**Assigned task**
The answer must consist solely of the lines from the line with "It's not Global" to the end of the data below, transcribed exactly and with no pictures.

[Start of section]

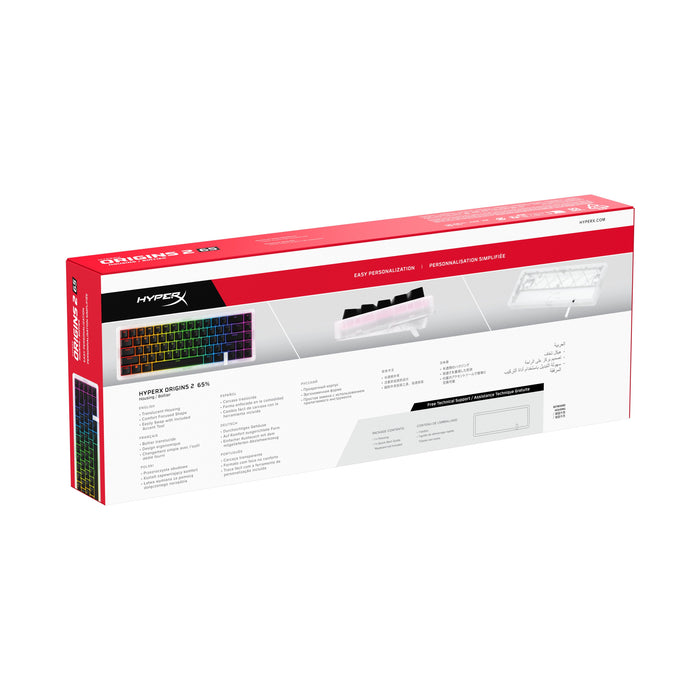 EAN 198990999623 - HyperX Origins 2 65 White Housing Funda para teclado imagen 7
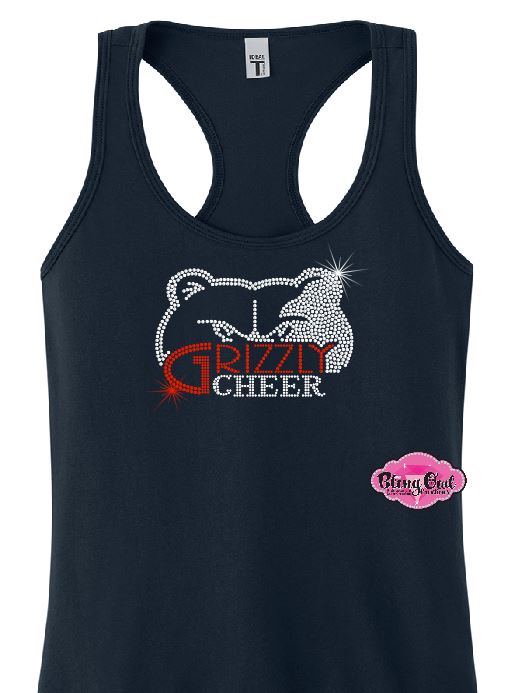 Grizzly Cheer Womens Fitted Tank Top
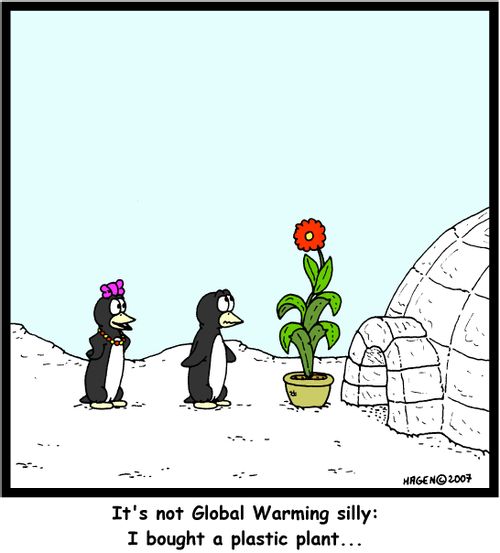 It's not Global Warming silly: I bought a plastic plant...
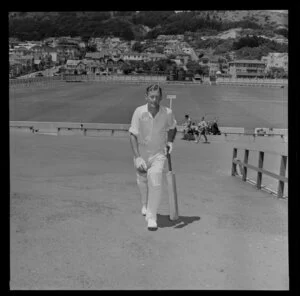 Richard Trevor Barber, New Zealand Cricket player, at the Basin Reserve, Wellington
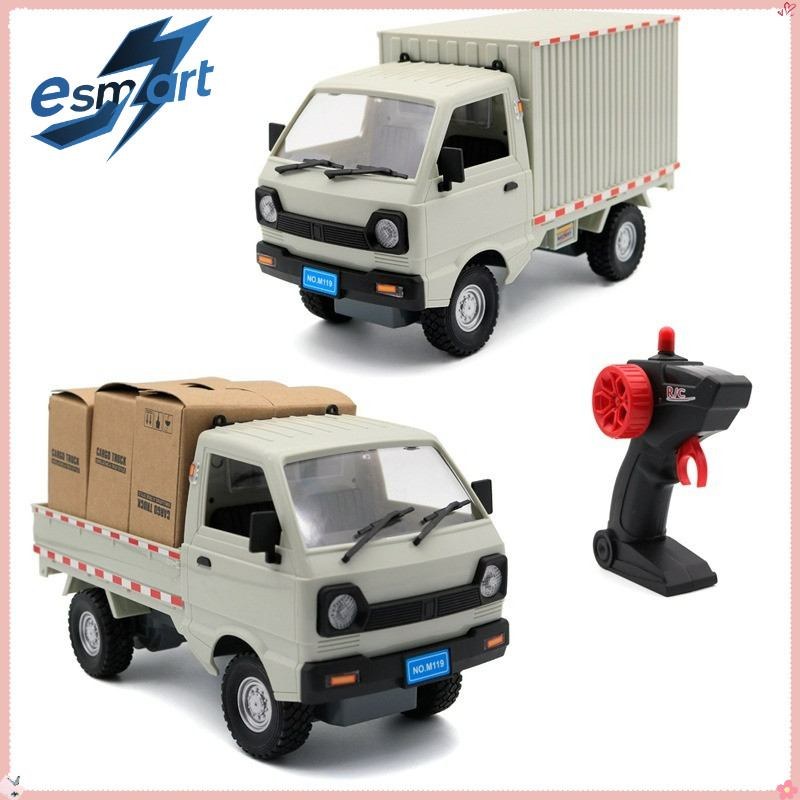 1:16 Wpl D12 Rc รถจําลอง Drift ปีนเขารถบรรทุก Led Light Cargo Rc ไฟฟ้าของเล่นสําหรับชายคริสต์มาสของข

[End of section]

**The completed task**
 It's not Global Warming silly: I bought a plastic plant...
 Richard Trevor Barber, New Zealand Cricket player, at the Basin Reserve, Wellington
 1:16 Wpl D12 Rc รถจําลอง Drift ปีนเขารถบรรทุก Led Light Cargo Rc ไฟฟ้าของเล่นสําหรับชายคริสต์มาสของข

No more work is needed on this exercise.